台湾の多民族性を豊かな食材で表現し 食の持続性にも貢献
台湾の多民族の食文化を継承する、新台湾料理の「好嶼HOSU」。
さらに島の農業を持続循環させる同店の取り組みが、
ミシュランからの高い評価につながった。
中華系民族一色のように誤解されやすいが、実は台湾には多民族が共存しており、アミ族やタイヤル族など先史時代からの原住民族がいる。時を下って17世紀に大陸の福建地方から漢民族が移住。さらに戦後、蒋介石らの外省人が渡り、近年は東南アジアから新住民も増えている。こうした台湾の民族史を食で表現するのが「好嶼HOSU」だ。「嶼」とは台湾諸島を表す。

台湾で営むファインダイニングの料理人は、その多くが海外や国内有名店で修行しているが、同店のシェフ李易晏はそうした経験を持たない。ピザ店で働いた後、ビストロを開業。そして2022年、独自のコンセプトで「好嶼HOSU」を開き、昨年末、現在の地に移転した。

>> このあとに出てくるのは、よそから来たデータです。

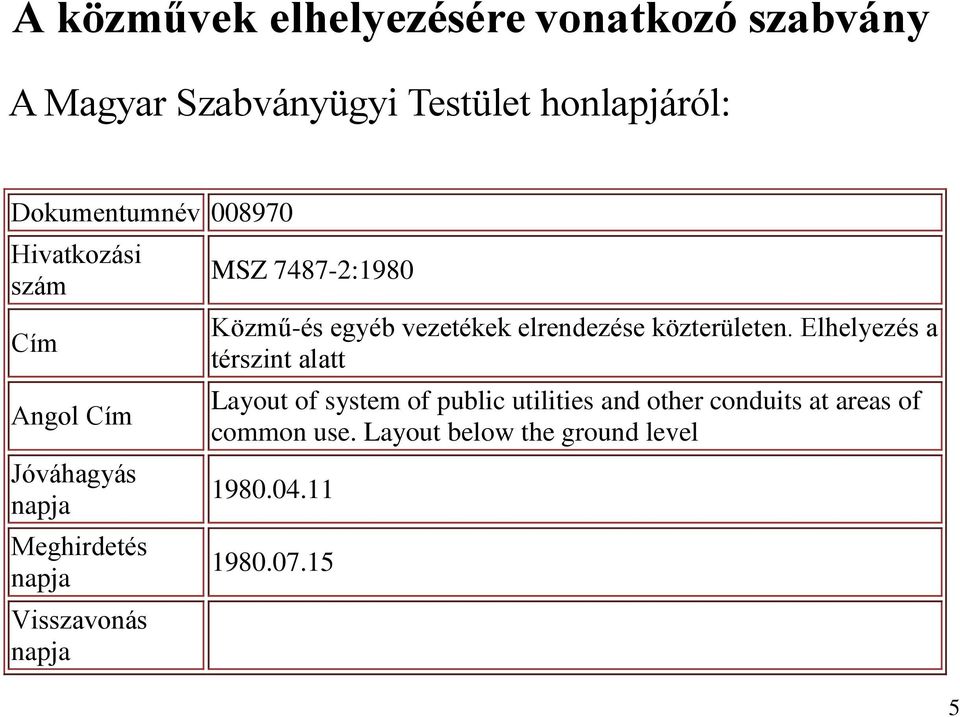 7487-2:1980 Közmű-és egyéb vezetékek elrendezése közterületen.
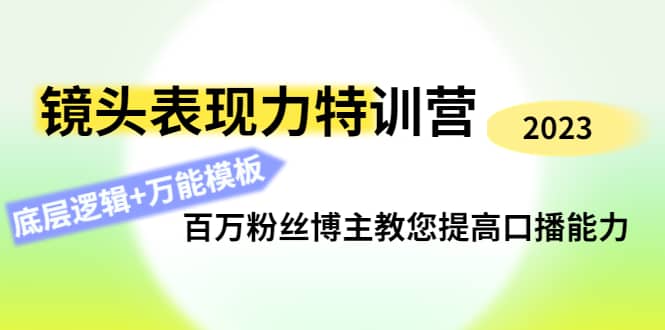 镜头表现力特训营：百万粉丝博主教您提高口播能力，底层逻辑 万能模板-往来项目网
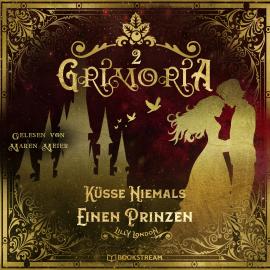 Hörbuch Küsse niemals einen Prinzen - Grimoria, Band 2 (Ungekürzt)  - Autor Lilly London   - gelesen von Maren Meier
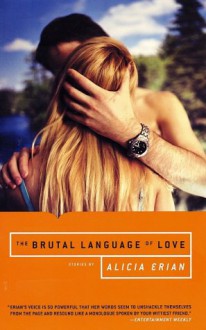 The Brutal Language of Love: Stories - Alicia Erian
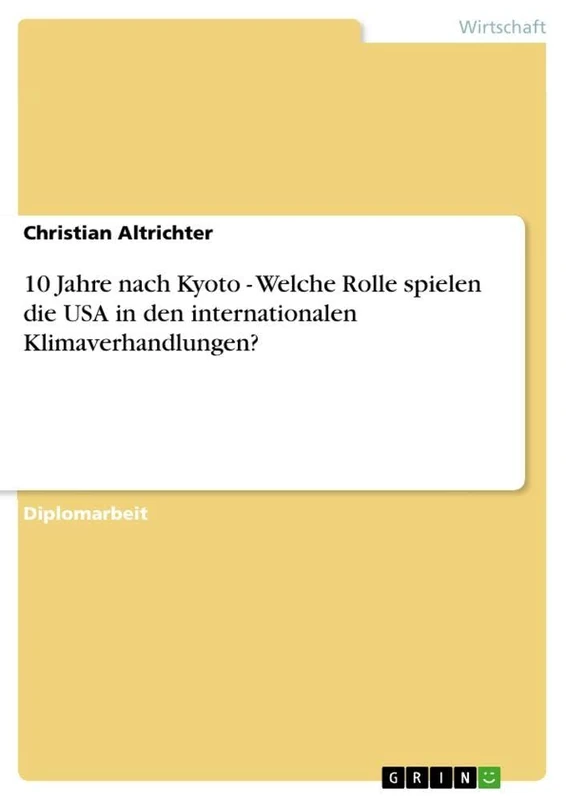 10 Jahre nach Kyoto - Welche Rolle spielen die USA in den internationalen Klimaverhandlungen? - Image 1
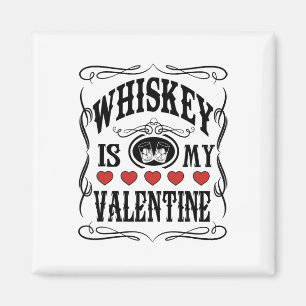 Whiskey Is My Valentine Retro Cowboy Double Print Magnet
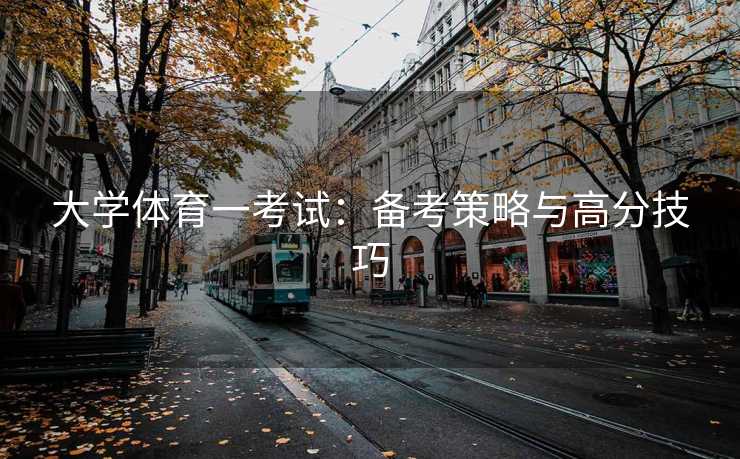大学体育一考试：备考策略与高分技巧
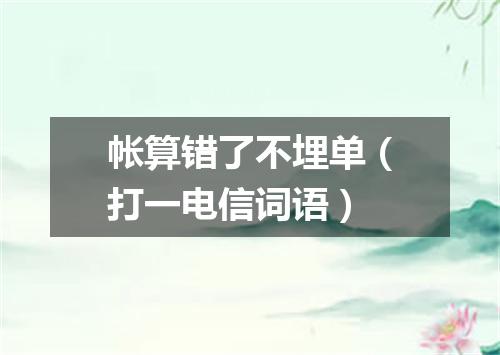 帐算错了不埋单（打一电信词语）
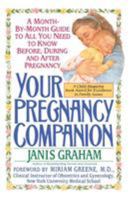 Your Pregnancy Companion: Month-by-Month Guide to All You Need to Know Before, During, and After 0671685570 Book Cover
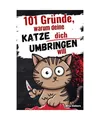 101 Gründe, warum deine Katze dich umbringen will: Ein humorvolles Geschenkbuch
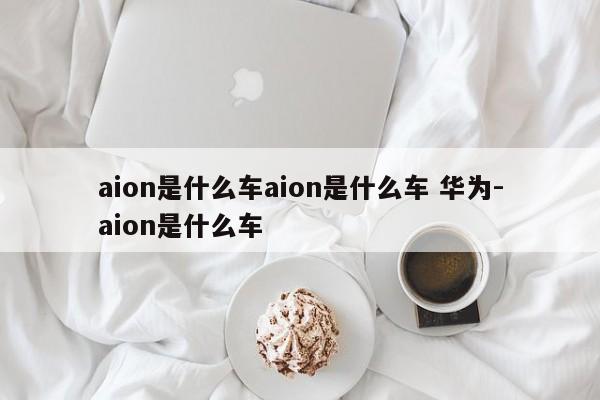 aion是什么车aion是什么车 华为-aion是什么车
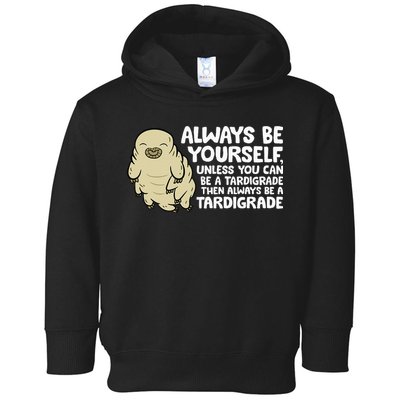 Always Be Yourself Unless You Can Be A Tardigrade Toddler Hoodie
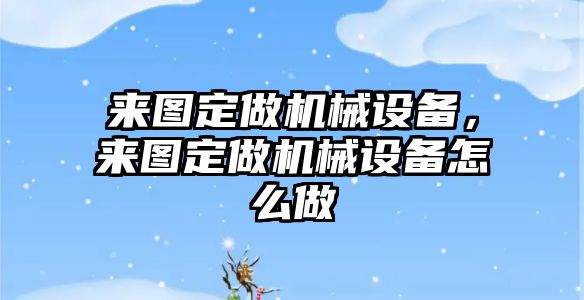 來圖定做機械設備，來圖定做機械設備怎么做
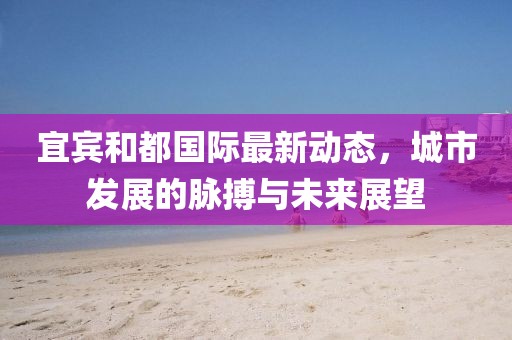 宜宾和都国际最新动态，城市发展的脉搏与未来展望
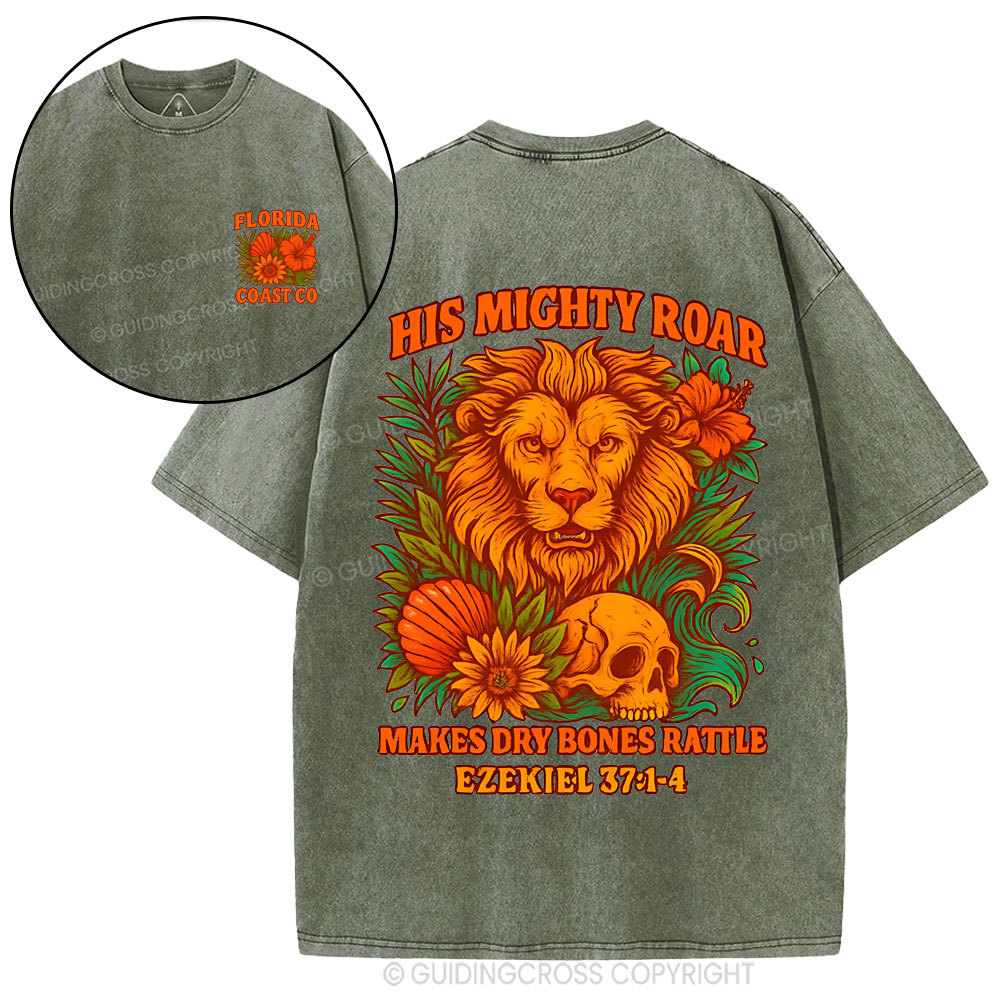 His Mighty Roar Makes Dry Bones Rattle Christian Washed T-Shirt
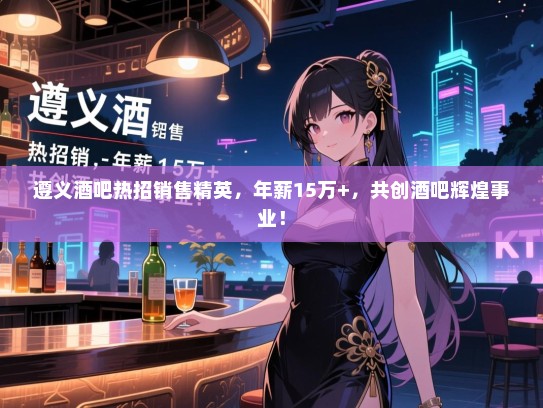 遵义酒吧热招销售精英,年薪15万+,共创酒吧辉煌事业! 遵义酒吧热招销售精英,年薪15万+,共创酒吧辉煌事业!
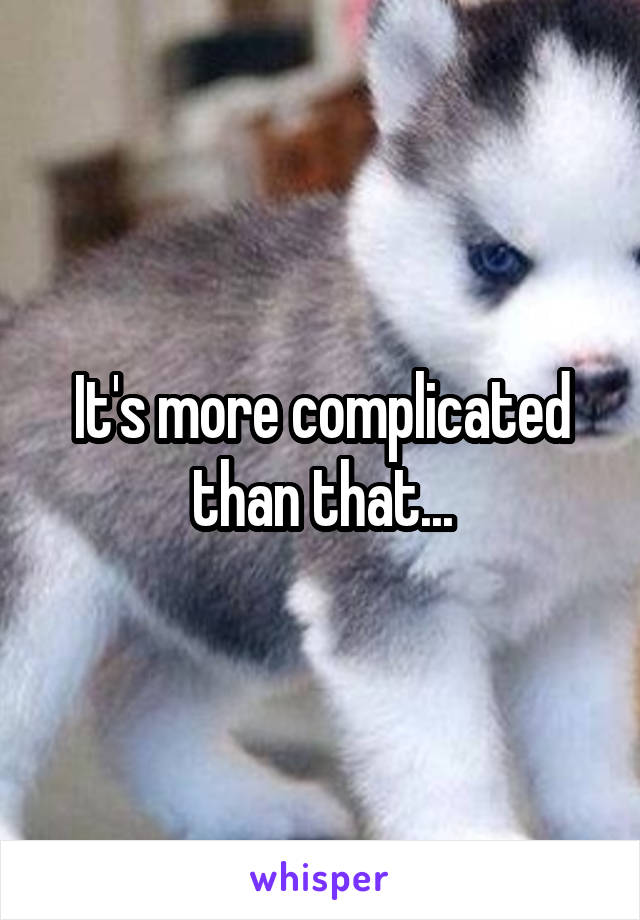 It's more complicated than that...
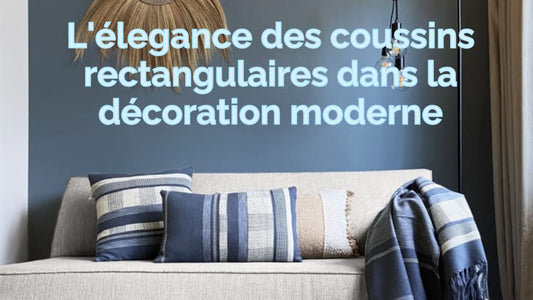 L'élegance des coussins rectangulaires dans la décoration moderne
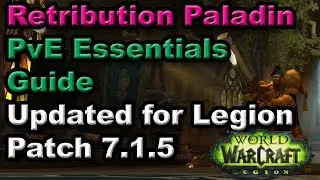 Legion Retribution Paladin PvE Essentials Guide - Updated for Patch 7.1.5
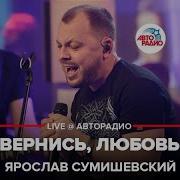 Ярослав Сумишевский Вернись Ко Мне Любовь Вернись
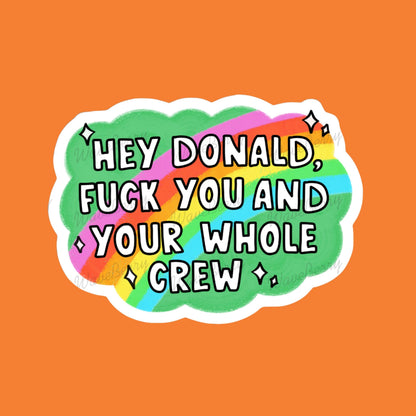 Anti Trump Political Sticker: Rainbow Vinyl Decal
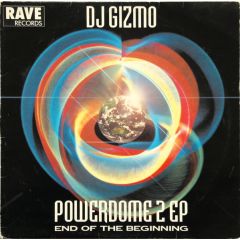 DJ Gizmo - DJ Gizmo - Powerdome 2 EP - Rave Records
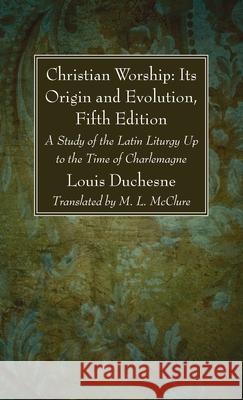 Christian Worship: Its Origin and Evolution, Fifth Edition L. Duchesne M. L. McClure 9781666729146 Wipf & Stock Publishers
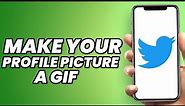 How to Make Your Twitter Profile Picture a GIF?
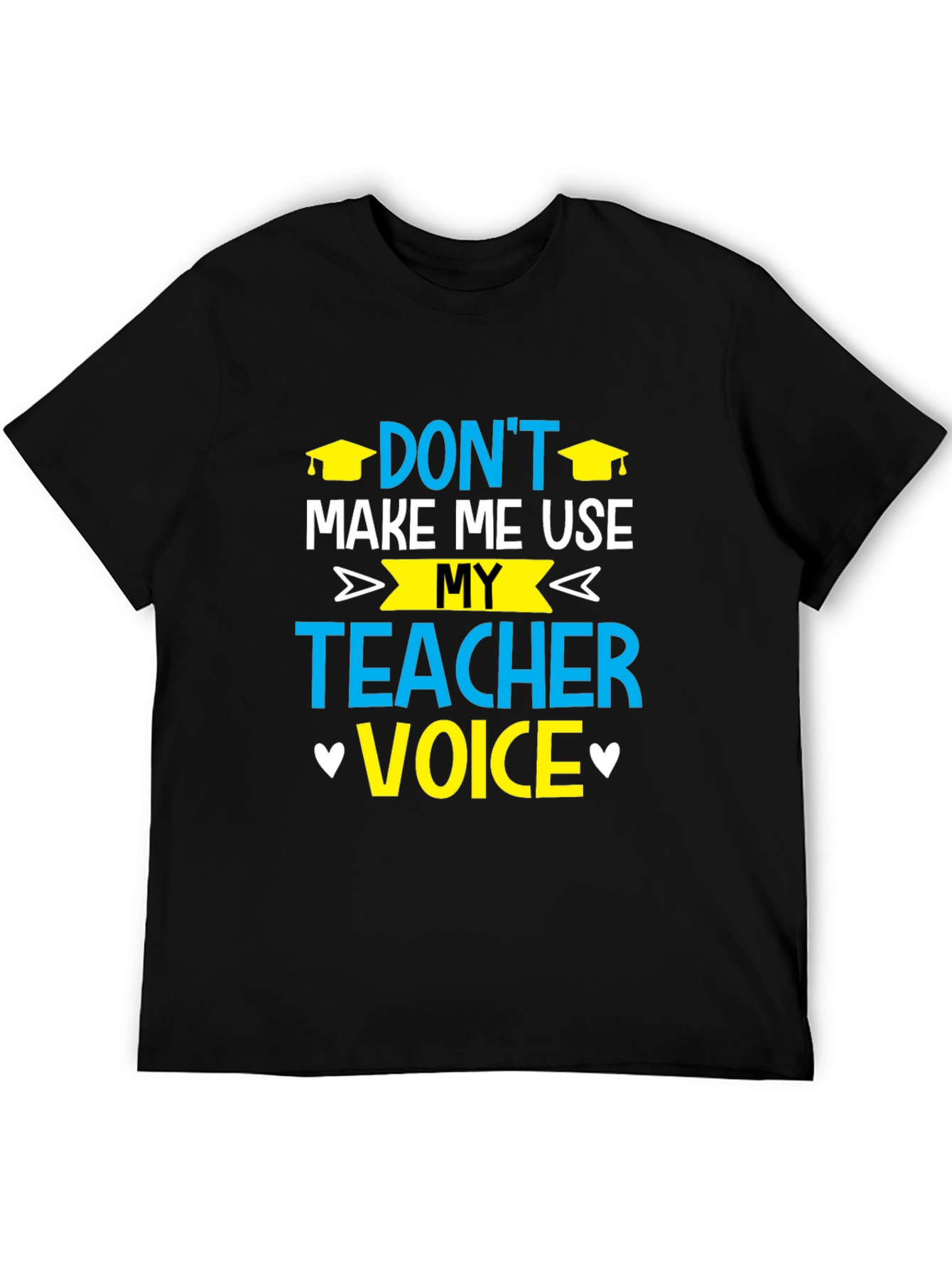 Dont Make Me Use My Teacher Voice T-Shirt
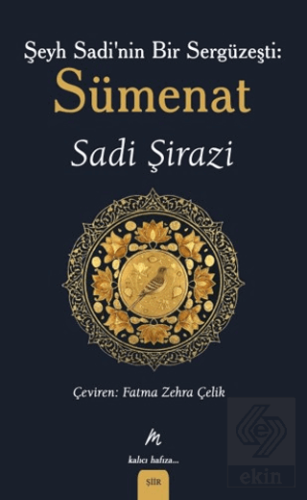 Şeyh Sadi'nin Bir Sergüzeşti: Sümenat
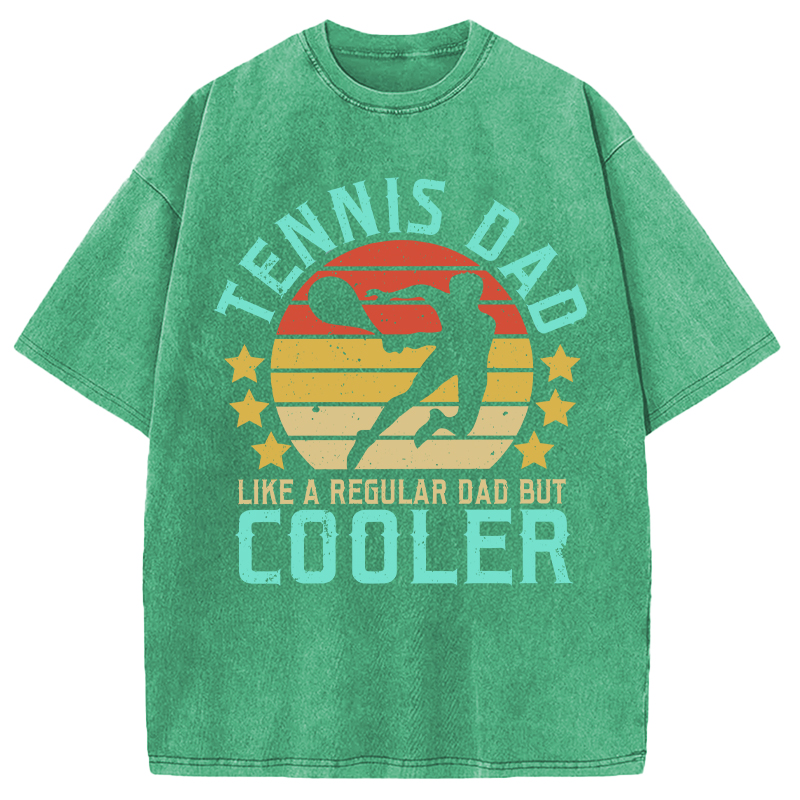Modecanvas Funny Tennis Dad Like A Regular Dad But Cooler DTG Printing Washed T-Shirt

近年、台湾では自分たちのアイデンティティを模索し、台湾古来の文化を見つめ直す動きが高まっている。李シェフもそこに注目し、以前から原住民族の集落を訪れ、伝統的な食材や料理法を学んできた。また地方の農業生産者の元にも足繁く通い、今では食材の95%を台湾産でまかなえるまでになったという。
現在のメニューはコースのみであり、「辦桌(パントッ)」と呼ばれる台湾の伝統的な宴会料理をベースに設定。コースの品目にそれぞれの民族の食材や調味料を取り入れ、全体を味わうことで台湾の食文化を体験することができる。左上写真は台湾南部から仕入れた、アマニを食べて育った豚のロースを2週間熟成させた炭火焼き。ソースは豚骨出汁に米を主原料とするウイスキーを加えている。一方、右上写真は台湾の湖や川をイメージしたスープ。蛤で出汁をとり、具材にはマコモとカエルのミートボール。そして写真右下はズッキーニの花の天ぷら。下に敷いたのは自家製豆腐。奥の四角い乾燥湯葉を砕いて振りかけて食す。まさに台湾を味で旅する思いに溢れる。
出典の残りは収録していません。